Harnessing the Power of Containers
Published: April 14, 2022
Technology drives maximal value to the enterprise, not through wielding the power of specific programming languages, but by composing multiple component technologies into systems that model, automate and deliver complex business processes.
Luckily, there exists the amazing world of Docker, container tools and the ecosystem of images. Collectively, these significantly lower the technical barrier to experimenting with a wide variety of technologies, leading to faster cycles of learning and innovation.
In the container world, open-source communities and vendors provide endless purpose-built images with popular technologies installed and configured to run with minimal effort. Containers can be stitched together and run as Docker Compose services in short order.
Overview of the Demo Application
Here I present an example system providing machine learning based text analytics where a user submits a web page URL to a browser and is presented with measures of sentiment (polarity and subjectivity) along with extracted noun phrases predicted to be semantically meaningful.

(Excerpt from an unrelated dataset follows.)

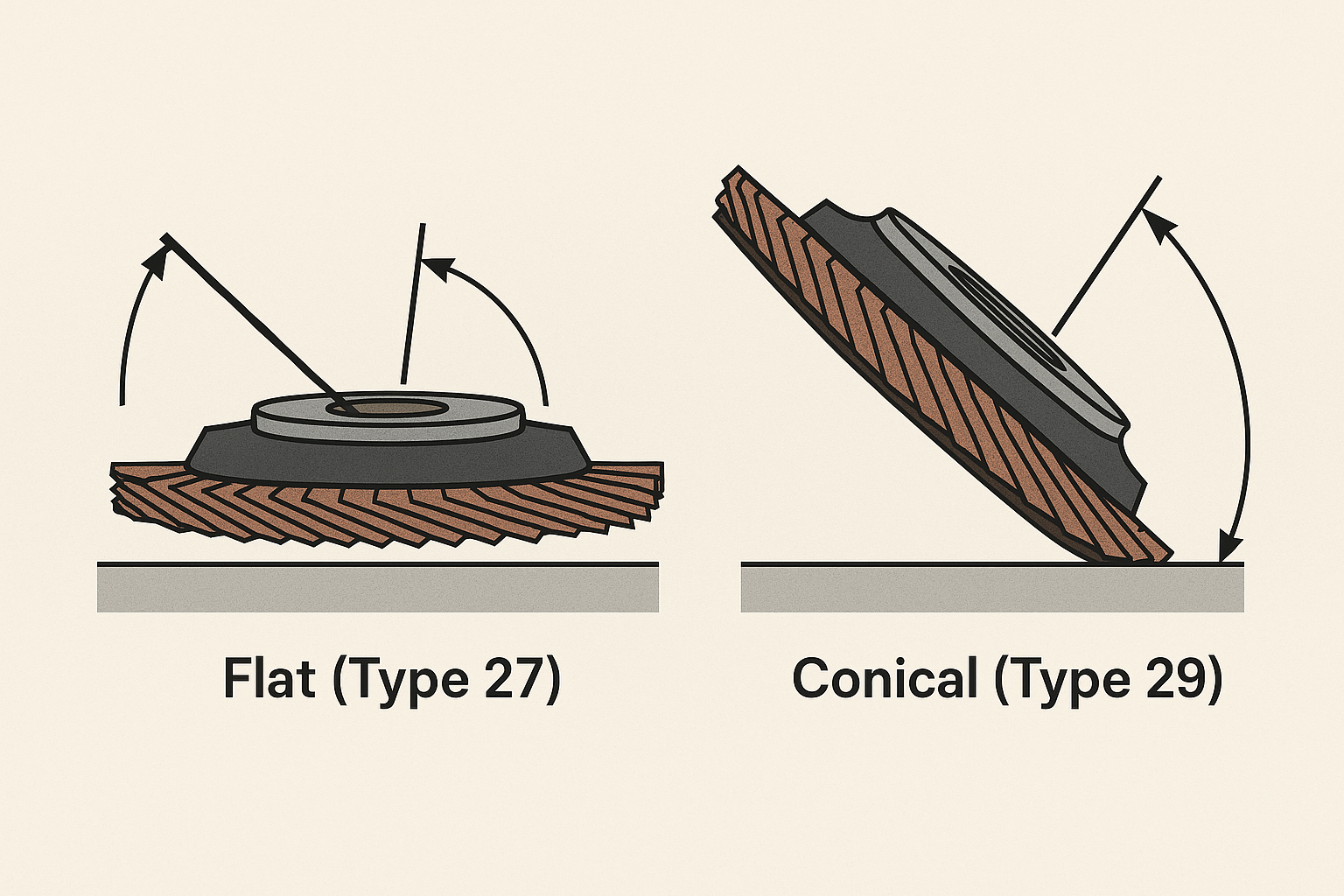 flat vs conical flap disc angles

Sentiment and noun phrase extraction techniques are often used to classify and flag content for review, follow up and marketing brand management by companies with significant free-text digital content such as product reviews. The system is constructed of multiple containerized technologies and is deployed to a Docker environment running as a set of Docker Compose services.

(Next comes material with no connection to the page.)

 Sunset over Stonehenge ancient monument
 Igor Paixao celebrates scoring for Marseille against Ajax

Below is the high-level architecture of the system. The source code can be found on GitHub.
The front-end application uses the Python-based Flask microframework along with Vue.js for an interactive UI. The URL is submitted via the front end and relayed to a Kafka topic. A decoupled containerized Python consumer retrieves the URL from Kafka and performs text analytics using the TextBlob and Natural Language Toolkit.
The Flask app source is contained within the nlpapp/app.py module consisting of a handler function that serves up the UI web page and two REST-based endpoints. One REST endpoint is for handling a POST request with the URL then producing it to the containers running Kafka, and the second REST endpoint is for fetching the results of the analysis.

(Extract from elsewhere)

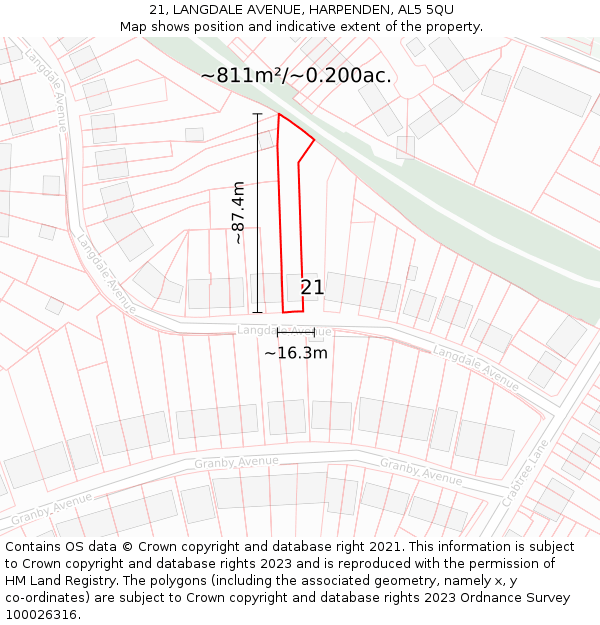 21, LANGDALE AVENUE, HARPENDEN, AL5 5QU: Plot and title map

The next key part is the Kafka consumer within the nlpconsumer/webnlp.py module, which fetches the webpage of the URL pulled from Kafka and uses the TextBlob library for text analysis as shown below. Specifically, the text analysis calculates sentiment metrics of polarity and subjectivity. For polarity, the measures span from -1 (inferring the content is harshly negative) to +1 (inferring a joyous, positive tone) with values near 0 being relatively neutral. The subjectivity score ranges from 0 (inferring factual-based content) to 1 (implying opinion-based reasoning).
The last component worth discussing is the UI using Vue.js for interactivity, HTML for structure, and Bootstrap CSS for looks, which collectively allows users to add a URL of a web resource to be analyzed. A screenshot of the UI can be seen below, and the code is primarily contained in a Jinja template.
Running on Docker
Now that the basic components have been discussed, I can demonstrate what is needed to stitch the pieces together in Docker containers and run them locally with Docker Compose.
The front-end app is containerized per the instructions in the Dockerfile shown below. This packs up the previously presented Flask microframework web application along with the other required Python dependencies and launches it using the Gunicorn application server.
The Kafka consumer and subsequent text analytics program is similarly containerized per the following Docker file. Here the various Kafka and text analytics libraries are packaged into the container along with the Python consumer source code and launched as a standalone program.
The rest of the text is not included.